Kern went on to discuss why, in her opinion, women earn less than men even when performing the same job. The Oklahoman reported, "they tend to spend more time at home with their families." In response to the comments by Shannon and Kern, Democratic Representative Mike Shelton said, "Oklahoma is a great state - as long as you fit the profile." Joining Shelton in opposition to the measure was Rep. Jeannie McDaniel and Rep. Emily Virgin. Rep. Virgin, both Democrats.
Within 24 hours of her comments being splashed across headlines on Internet news sites, Rep. Kern apologized. The Oklahoman covered her latest statement. "I want to humbly apologize for my statements last night about African-Americans and women,” Kern said. “I believe that our government should not provide preference based on race or gender. I misspoke while trying to convey this point last night during debate."
The comments were reported at the same time as the flap over Donald Trump's latest insults hurled at President Barack Obama. As the issue of the President's birth certificate became old news yesterday, Trump insisted on moving over to Obama's abilities as a student, implying that the President must have received preferential treatment by both Columbia University and Harvard Law School.

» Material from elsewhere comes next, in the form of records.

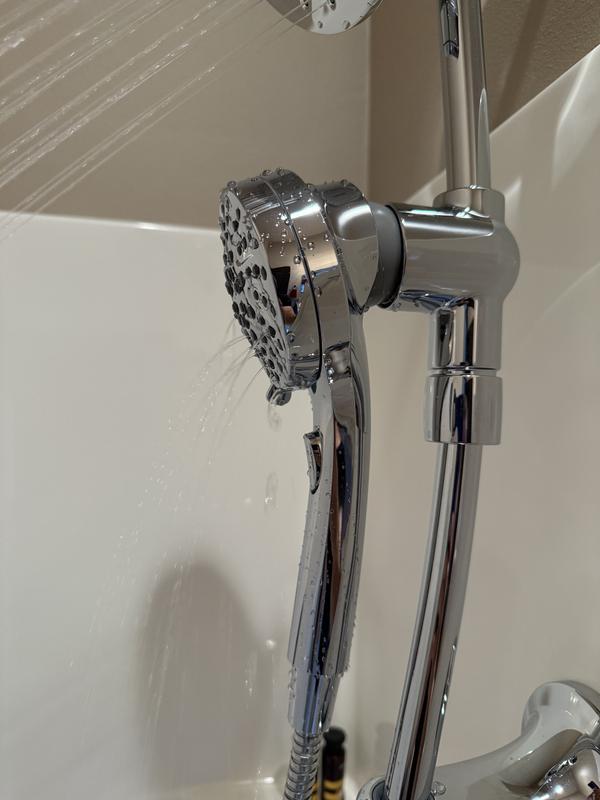 Leaking shower head when in “pause”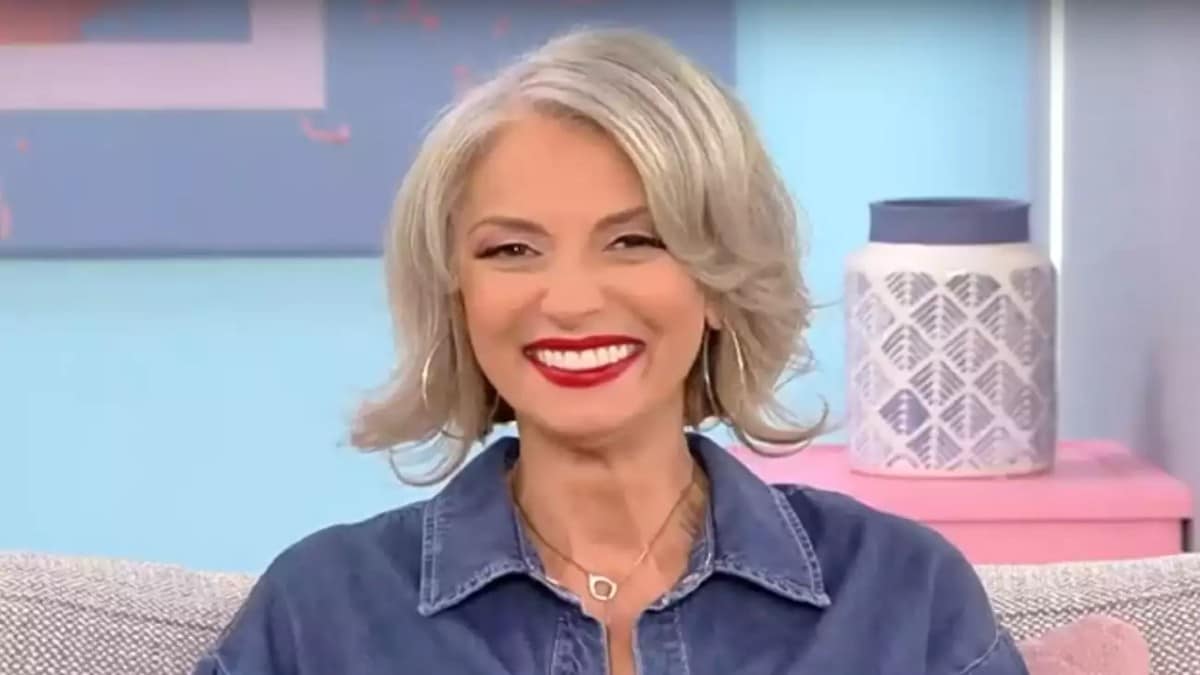 Η Ματθίλδη Μαγγίρα μάς δείχνει τον σωστό δρόμο: «Με το sun gazing δεν πεινάς – Το όνειρo που δεν έχει πραγματοποιηθεί, είναι ο διακτινισμός»
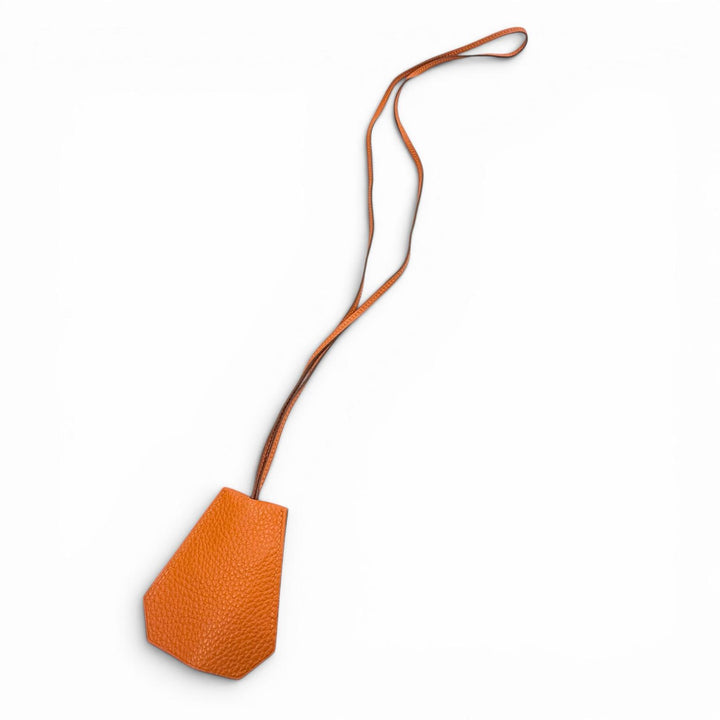 美品▼HERMES エルメス ヴィンテージ レザー シルバー金具 マルジェラ期 クロシェット ネックレス オレンジ □D刻印 フランス製 メンズ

Trump called Obama a "terrible student." He went on to explain his incredulity over his success in becoming an Ivy Leaguer. "How does a bad student go to Columbia and then to Harvard? I have friends who have smart sons with great marks, great boards, great everything and they can't get into Harvard."
Defending himself from those comments of Wednesday, Trump told media today that he never meant to imply that the President was accepted into those schools as a result of affirmative action policies then in place. He admonished long-time CBS News anchor Bob Schieffer for saying that Trump used code words that involve an "ugly strain of racism." The full story about Trump's remarks can be found, here.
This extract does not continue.